I tried to learn Python several times. Once I had a very peculiar class in which we should learn Python for processing natural language. Well, it was more about text mining than applying Python. I tried to learn Python with the help of several books which introduced and ins and out of Python. Before I started to learn Python, I fluently spoke several other statistics software like R, Stata, and please forgive me, my personal journey started with SPSS. To reestablish my reputation, I did not used SPSS for a hundered years and most of time I work with R.

Anyway, what I am trying to say is that I was very familiar with statistical software programing. I had basic skills in other languages like HTML, CSS, JavaScript. I wrote my PhD with LaTeX. With all of this background, I still failed to learn Python. It is a shame, don’t you think?

It is really a shame, since I consider myself a tech-savvy without having the heavy programing background, but with a lot of fun learning new things and enjoy coding. Well, at least, if we get some results. For this reason I started this block. I was sick of reading books about Python without having the impression that I learn what I should learn to improve my skills. This impression could also be due to my educational background. I know what a function is, what a loop does, and have some background in statistics, even though the latter is limited since I am home in the social sciences.

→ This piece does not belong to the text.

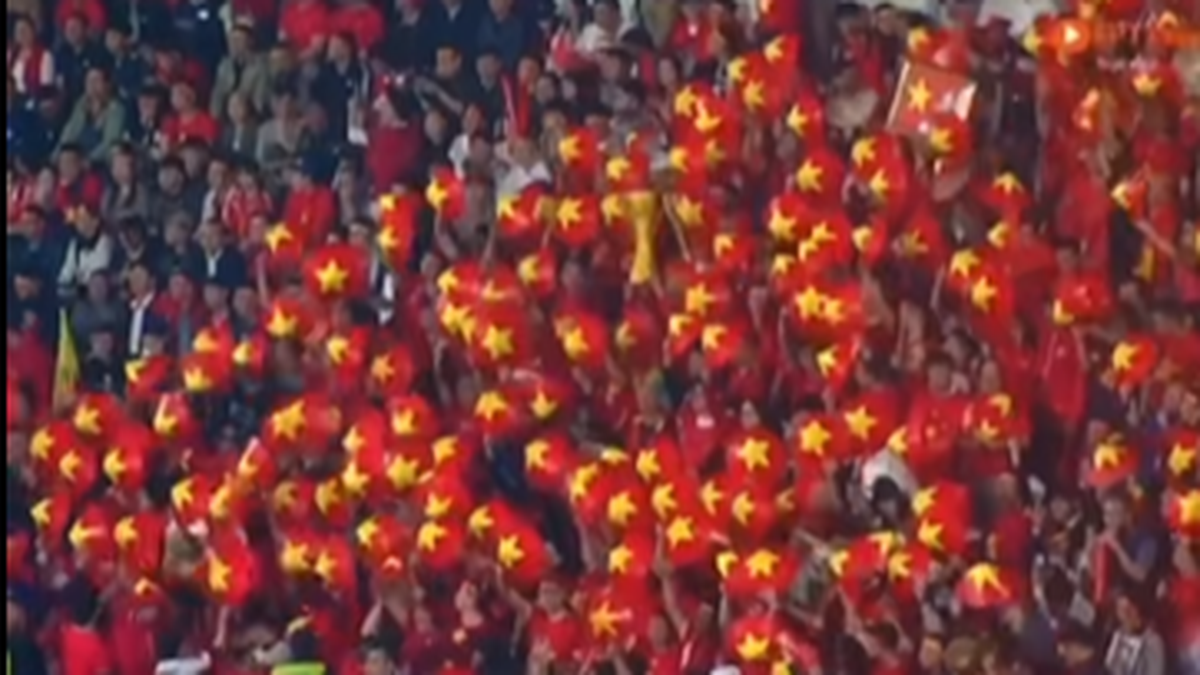Khán đài của những trái tim đỏ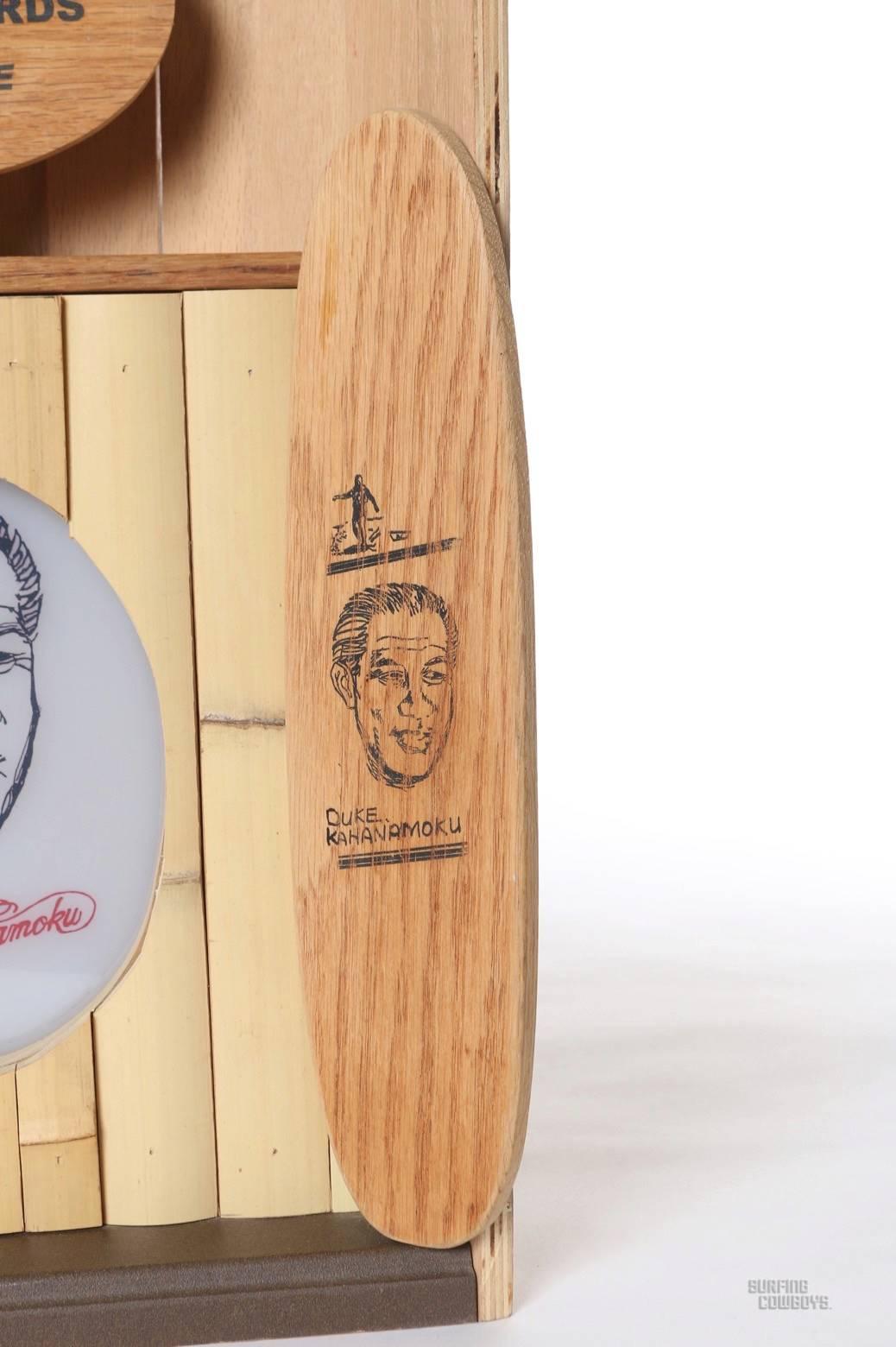 Duke Kahanamoku, Father of Modern Day Surfing, Collectible Skateboard Lamp In Excellent Condition For Sale In Los Angeles, CA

Anyway, this blog is the results of many disappointing books with many pages that could not explain what I was seeking. If you want to learn Python to automate processes, learn some statistical procedures from the scratch, or use Python to program some games, this block will not help you in any way. However, you do wanna transfer your knowledge from other languages like R, if you are familiar with multivarite (non-) linear regression techniques or do you have background in empirical social science, than this blog might help you transfer your knowledge to Python. Let be give you an example why I started this blog. Hopefully, this illustrates my point and gives you some guidance whether its worth following this blog or if I am just another weirdo.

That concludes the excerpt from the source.